As for this "economic analysis," it concludes: "The bottom line is that the FCC can achieve its goals for an open Internet without importing the archaic principles and onerous restrictions embedded in Title II that stifle investment and innovation and cause job losses."
Meanwhile, as the internet giants argue that the imposition of the rules is essential to protect the much-larger internet ecosystem, Comcast – as one of the biggest companies that allows users to actually connect to that system – comes at it from a completely different direction.
It argues that the huge explosion in the internet market came about because there was "light touch" regulation. As such, imposing "Title II" classification – which is what the Open Internet Order does in order to give it a legal foundation – risks damaging what is a really good system.
"As Chairman Pai recently put it, this bipartisan, light-touch approach 'wasn't controversial'," notes Comcast's filing, "It was the 'consensus' for two decades and it paved the way for the private sector to invest in networks to the tune of $1.5 trillion."
The Title II classification, it argues, is "an unfortunate, unnecessary, and profoundly unwise wrong-turn for the broadband economy and consumers more broadly."
Of course, these arguments omit what has been a decade of argument over net neutrality and both Comcast and Pai know that they are being willfully blind to reality when they effectively argue "if it ain't broke, don't fix it."
There is a reason why people started pushing for these rules, and that's because cable companies started using their unique position to try to control access to people, in return for – you guessed it – money. It's not like people made up the idea of cable companies limiting or restricting access to content – the net neutrality movement was born precisely because cable companies started doing it.

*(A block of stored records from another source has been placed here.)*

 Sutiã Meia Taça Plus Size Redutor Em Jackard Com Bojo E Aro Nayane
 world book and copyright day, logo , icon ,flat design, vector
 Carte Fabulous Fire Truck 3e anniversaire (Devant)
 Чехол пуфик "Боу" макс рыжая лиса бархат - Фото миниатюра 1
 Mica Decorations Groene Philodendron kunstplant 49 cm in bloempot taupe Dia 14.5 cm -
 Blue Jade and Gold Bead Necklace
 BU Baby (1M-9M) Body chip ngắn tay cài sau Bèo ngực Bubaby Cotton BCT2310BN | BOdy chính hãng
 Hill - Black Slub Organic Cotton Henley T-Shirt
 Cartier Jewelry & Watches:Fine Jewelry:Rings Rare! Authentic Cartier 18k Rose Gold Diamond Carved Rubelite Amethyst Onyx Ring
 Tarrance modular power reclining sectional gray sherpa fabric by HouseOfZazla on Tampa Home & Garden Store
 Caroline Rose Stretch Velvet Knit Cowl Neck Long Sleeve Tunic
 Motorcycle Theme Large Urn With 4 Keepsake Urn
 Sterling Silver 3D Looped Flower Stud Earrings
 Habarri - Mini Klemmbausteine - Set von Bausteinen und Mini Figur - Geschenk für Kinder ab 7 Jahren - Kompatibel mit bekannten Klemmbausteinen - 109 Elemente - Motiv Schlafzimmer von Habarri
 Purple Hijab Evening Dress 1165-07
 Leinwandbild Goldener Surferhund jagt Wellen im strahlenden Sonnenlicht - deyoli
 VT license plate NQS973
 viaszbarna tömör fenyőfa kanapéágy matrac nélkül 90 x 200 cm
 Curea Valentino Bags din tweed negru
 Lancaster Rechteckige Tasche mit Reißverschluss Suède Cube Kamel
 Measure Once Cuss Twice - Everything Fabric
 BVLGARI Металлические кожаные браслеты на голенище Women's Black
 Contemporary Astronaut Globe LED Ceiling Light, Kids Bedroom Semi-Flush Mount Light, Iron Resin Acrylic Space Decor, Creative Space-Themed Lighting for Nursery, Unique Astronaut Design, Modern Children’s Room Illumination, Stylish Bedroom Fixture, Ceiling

And the argument that light touch has been the way for 20 years makes the ridiculous assumption that nothing has really changed with respect to the internet since 1997. But it has – and the absolute biggest change in the cable companies' minds is that broadband speeds have now made the transmission of high-resolution video extremely easy.
People no longer need the cable companies' TV bundles – they can go direct to the supplier through an app or a website. And that risks creating an enormous hole in Big Cable's profits.
And if you have any doubt, consider this: Comcast routinely offers millions of its users internet access and a TV bundle for less money than just the internet access on its own. And it does it through a wide variety of time-based "discounts" if you agree to be locked into a contract.